Passion for Make-up is Part of Manteau Style

Here is an article from The Nation, a newspaper from Dubai, on make-up consumption as an offshoot of manteau style.
Iranian women show passion for beauty

Maryam Sinaiee, Foreign Correspondent

* Last Updated: April 17. 2010 7:38PM UAE / April 17. 2010 3:38PM GMT

Iranian women attach great importance to looks, keeping beauty products in high demand.

[This photo of girls shopping for perfumes was actually part of this article.
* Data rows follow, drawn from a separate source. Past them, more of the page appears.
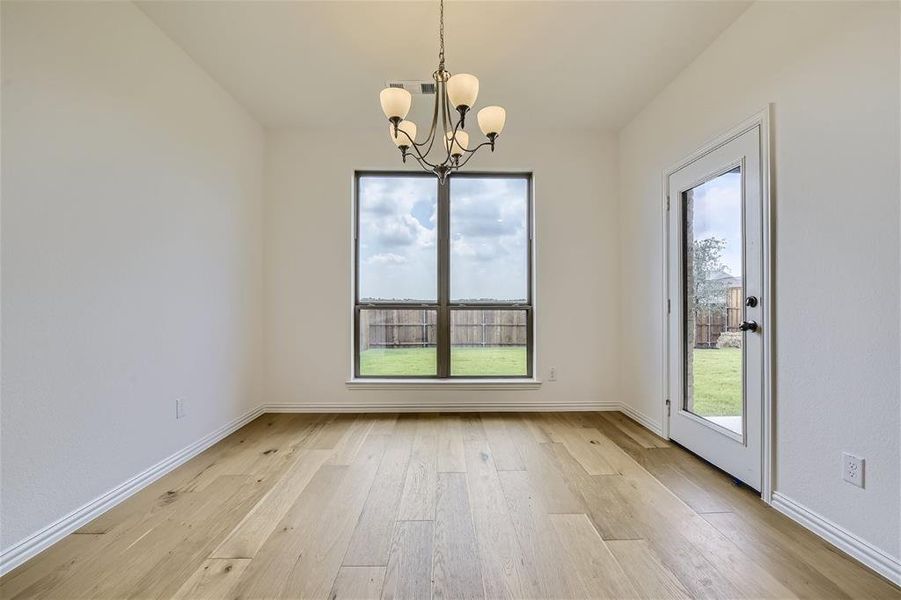 Spare room with a notable chandelier and light wood-type flooring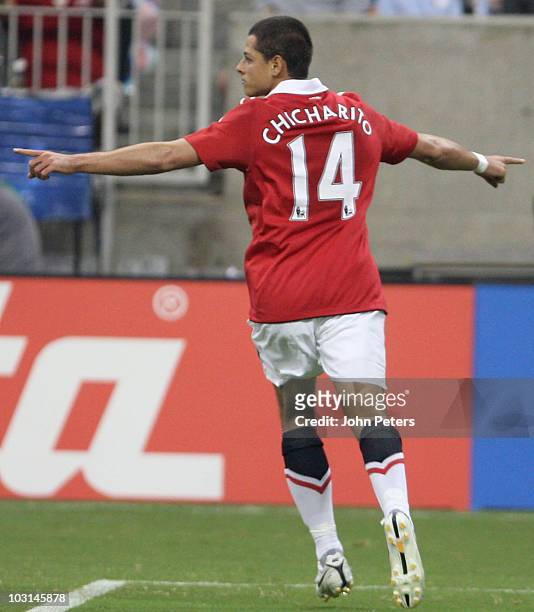 Javier "Chicharito" Hernandez of Manchester United celebrates scoring their fifth goal, his first for the club, during the MLS AllStar match between...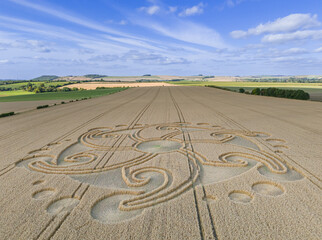 Aerial view of an intricate geometric crop circle formation in a wheat field near Etchilhampton and...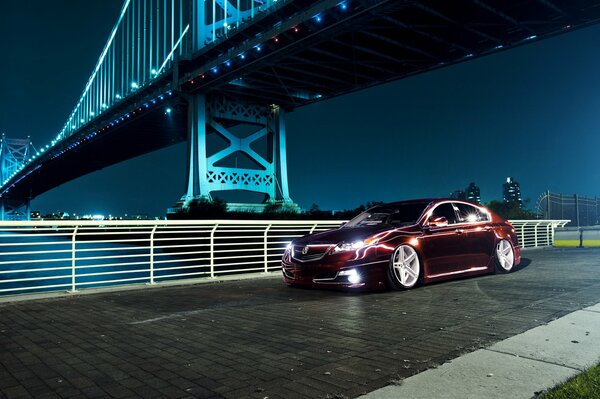 Honda de metal cerca del puente de la ciudad por la noche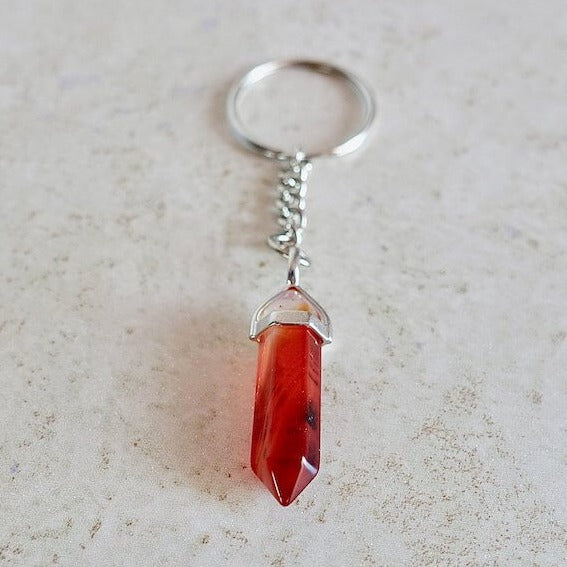 Double Point Red Agate Keychain. Red Agate keychain. Shop at Magic Crystals for Crystal Keychain, Pet Collar Charm, Bag Accessory, natural stone, crystal on the go, keychain charm, gift for her and him. Red Agate is a great LOVE. Red Agate Natural Stone Keychain, Crystal Keychain, Red Agate Crystal Key Holder. Red gemstone.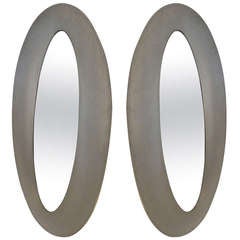A Pair Of Oval Mirrors In Aluminium And Glass By Lorenzo Burchielaro. Italy 1970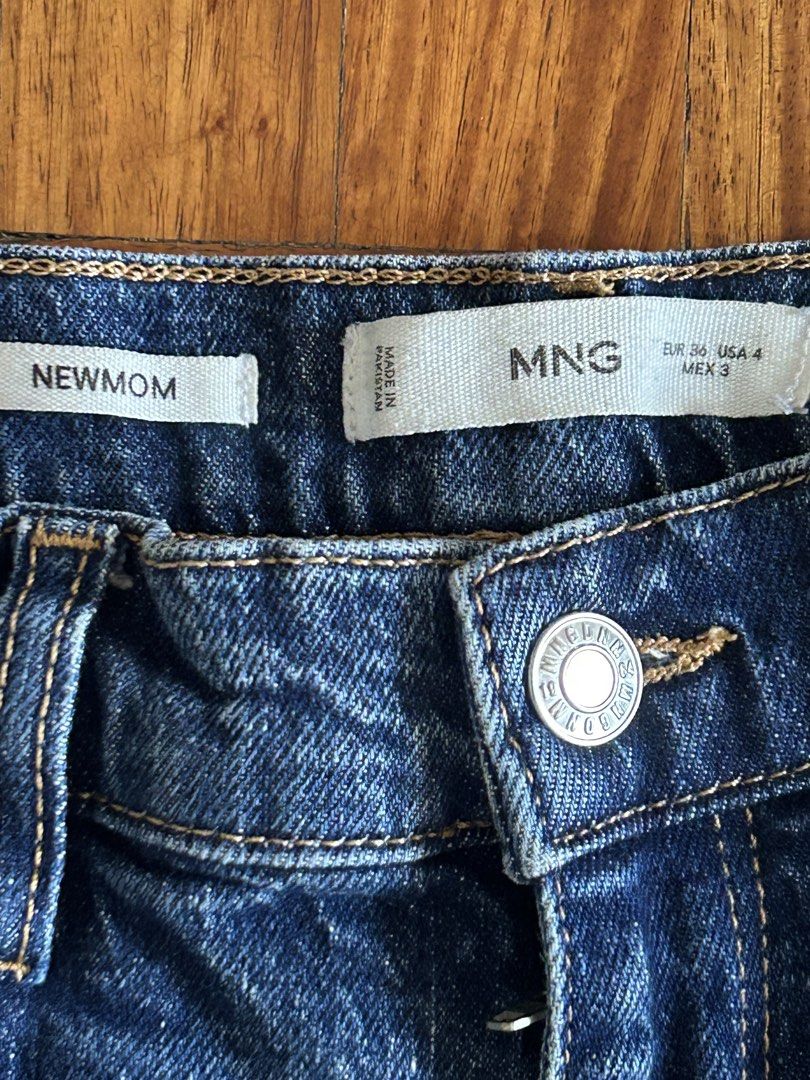 MNG NEW MOM Jeans - Blue Denim (Category: Jeans) located in Makati City. Submitted by kt1030 (Listing ID 1459160232, Image 3). Description: - Brand: MNG - Style: 'New Mom' Jeans - Fit: High waist, straight leg - Closure: Button fly - Origin: Made in Pakistan - Color: Classic Blue Denim - Versatile staple piece for any wardrobe.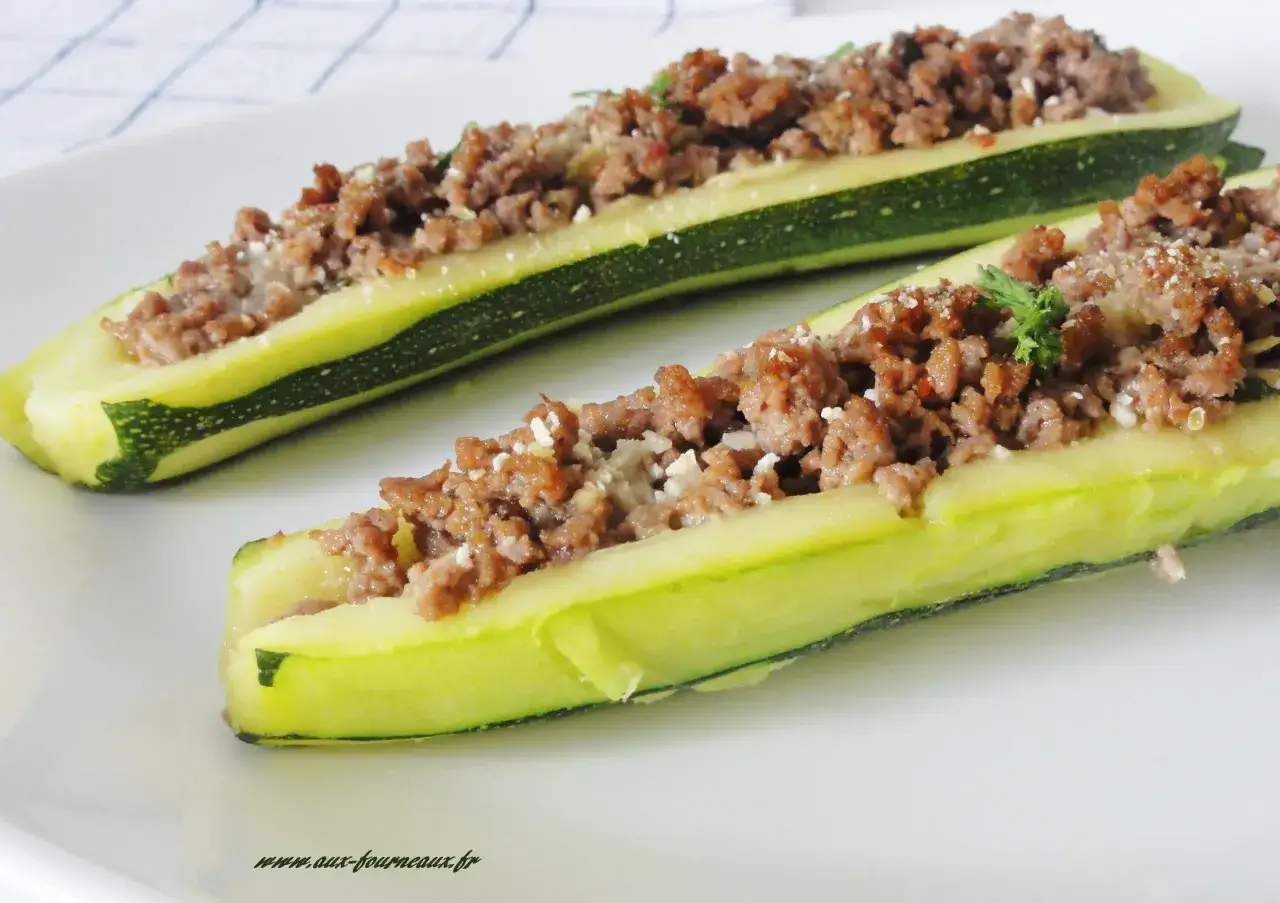 Deux courgettes fendues et garnies d'une farce savoureuse à la viande hachée, saupoudrées de fromage râpé. Un délice de courgette farcie prêt à être dégusté.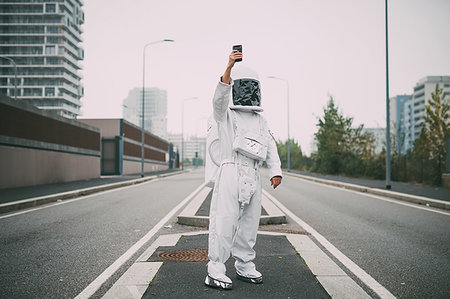 space suit - Astronaut taking selfie in middle of road Stock Photo - Premium Royalty-Free, Code: 649-09251041
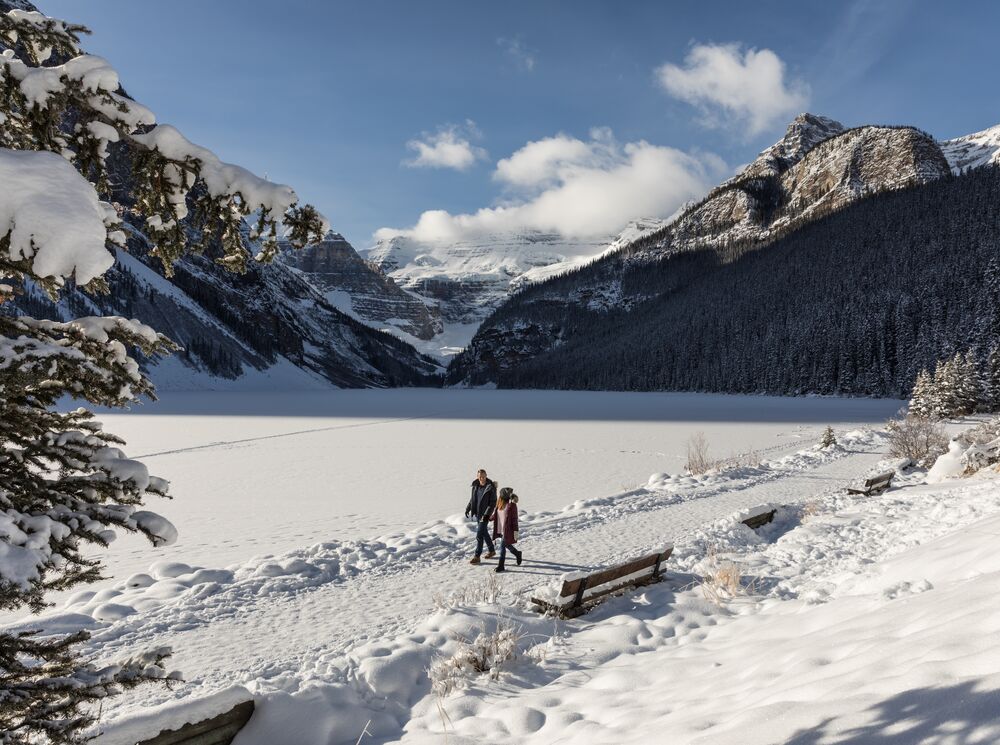 A couple walking along the Lake Louise Lakeshore trail in Banff National Park in winter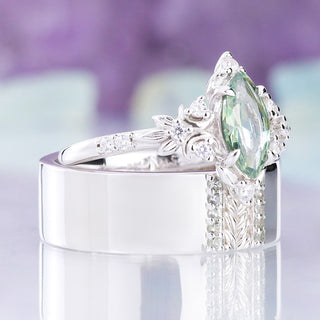 Angled view of the Viridian green tourmaline ring resting on the matching men's band, sold together as a couples set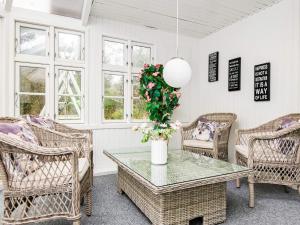 a room with wicker chairs and a table with a vase of flowers at 6 person holiday home in Ringk bing in Nørby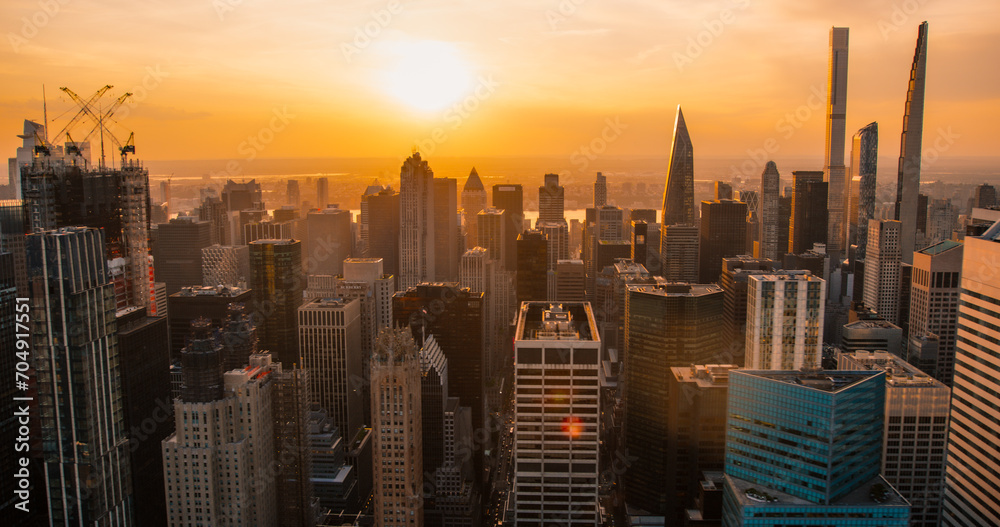 Urban Sunset Scenery with Midtown Manhattan. Historic and Modern New York City Skyscrapers, New Building Under Construction. Aerial View of a Popular American Travel and Business Destination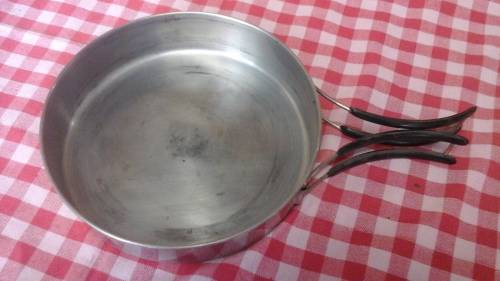 UNUSUAL AND COMPACT. A FRYING PAN WITH A FOLD AWAY HANDLE. PERFECT FOR CAMPING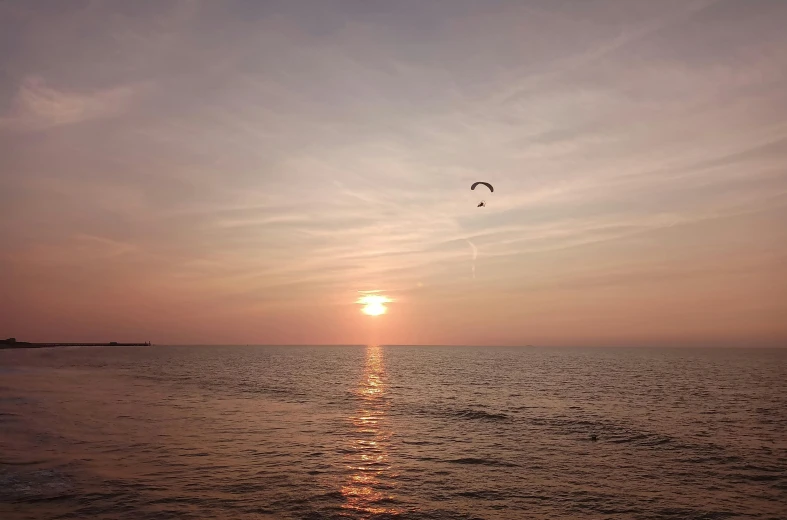 a person flying a kite over a body of water, on the beach during sunset, from the distance, evening time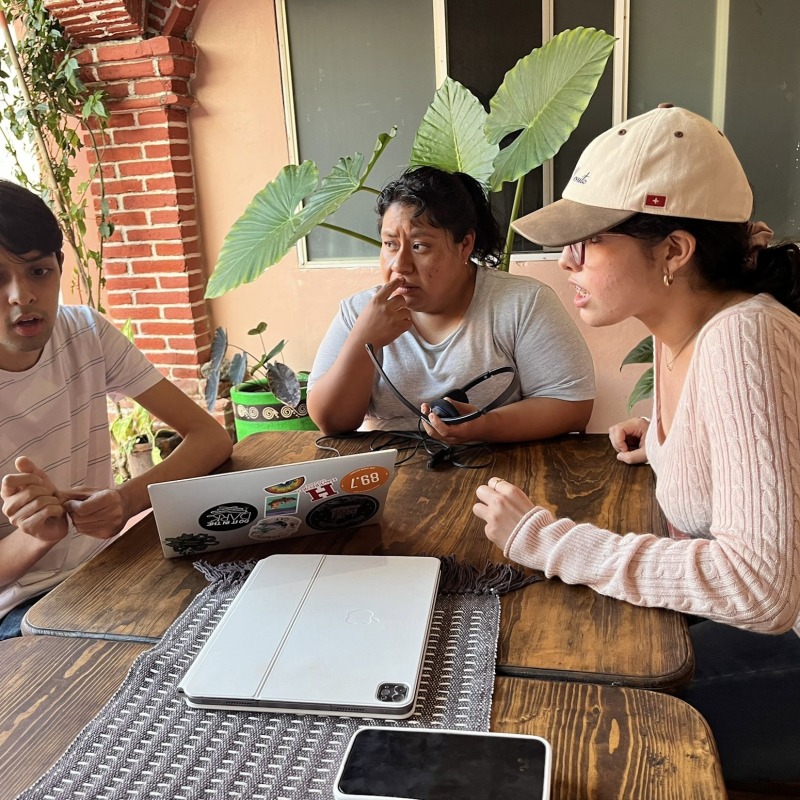 Esenia Baneulos sitting at a table with a Haverford student and a woman. They're chatting and looking at a computer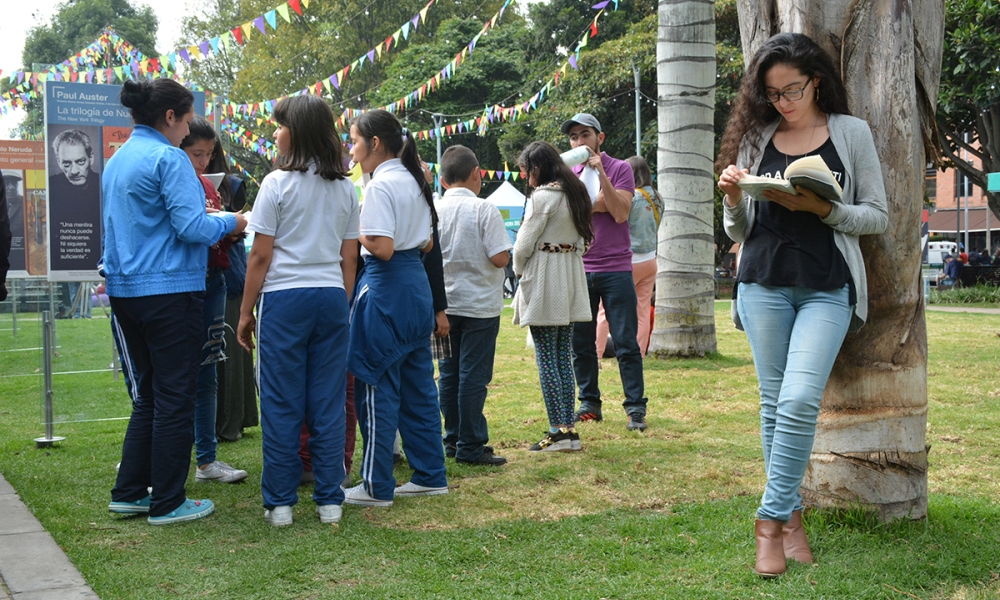 Mujer leyendo libros mientras se recuesta en un árbol, junto a ella hay unos niños con uniforme realizando una actividad en un parque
I think the styles here are perfect illustration for classic manteau style, especially that plaid Burberry ribbon and the green scarf!]

TEHRAN // Iranians are the seventh largest consumers of cosmetics in the world, a study
has found, despite the disapproval of much of the country’s officialdom and religious

The study by TMBA, a private Iranian market research company, published in Faslnameh
Tose’e Mohandesi Bazar (The Marketing Magazine) this month, found that the Islamic
republic is the second largest cosmetics market in the Middle East after Saudi Arabia,
accounting for 29 per cent of the region’s cosmetics consumption.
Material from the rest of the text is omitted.